What do we (not) know about RSE? - Dr. Anna-Lena Lamprecht, Dr. Michelle Barker, Dr. Carlos Martinez, SORSE talks, 28 Oct 8h00-11h00 UTC and 30 Oct 15h00-18h00 UTC
In this talk, presented twice to be available to audiences in multiple timezones, Lamprecht, Barker, and Martinez discuss the state of research software development professional tracks, and what is not yet known about such efforts.
Configuring Sphinx from scratch: making your own documentation and making your documentation your own - Sadie Bartholomew, SORSE talks, 3 Nov 15h00-16h00 UTC
In this hands-on demonstration Bartholomew walks through configuring Sphinx from scratch to create documentation for your project.
Research Data Alliance’s 16th Plenary Meeting - 9 - 12 Nov
The 16th annual plenary meeting is being held online, with the theme being the creator of knowledge ecosystems.
Elliot is a Python logging/tracing package that works particularly well for scientific code.
An opinionated take on alternatives to JSON for object serialization.
A nice detailed walkthrough of demand memory paging.

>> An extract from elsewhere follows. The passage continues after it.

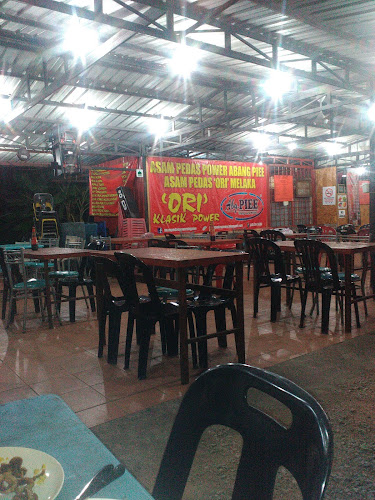 Kampung Duyong, 75460 Melaka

A nice (possibly non-portable) walkthrough on how C++ exceptions work, and how to catch them in C code.
Delta, a diff viewer that knows about syntax.

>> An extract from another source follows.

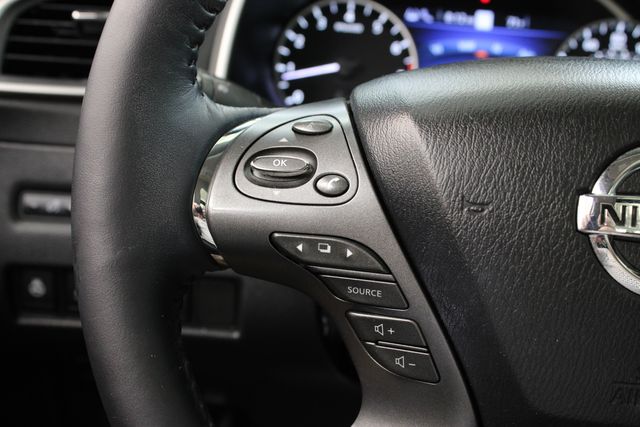used 2020 Nissan Murano car, priced at $23,499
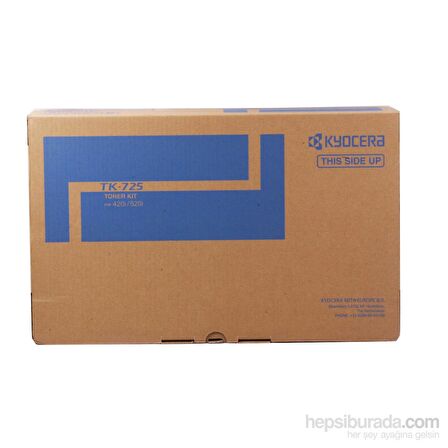 Mıta Taskalfa 420İ-520İ  Toner (Tk-725)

Sphinx is often used for documentation - ubiquitously in the Python community but also well outside. But a lot of people (me) don’t love rST. MyST is a Markdown++ that incorporates all restructured text capabilities as markdown extensions.

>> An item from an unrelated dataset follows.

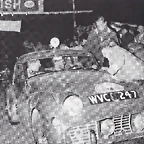 Triumph TR3 - Tulpen Rally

Locked up network where the only way to get in is a simple HTTP proxy? SSH in via websockets.
Every now and then I see kickstarters for open source software and try to figure out how much of research code maintenance could be crowdfunded.
JuliaMono - a monospaced code font with a lot of unicode support for e.g. greek letters for variable names, and with some modest ligature support (but not too much).
An argument in favour of rolling release OS distros instead of “big bang” new discrete releases. TL;DR - continuous small changes while less predictable both prevent things from becoming stale too quickly and reduce the chaos of everything breaking at once with discrete releases.
Sure, LD_PRELOAD is cool, but have you ever tried LD_AUDIT?
You’ve probably heard of the “You are not expected to understand this” comment in v6 UNIX. Well, part of the reason it was hard to understand was that it was wrong.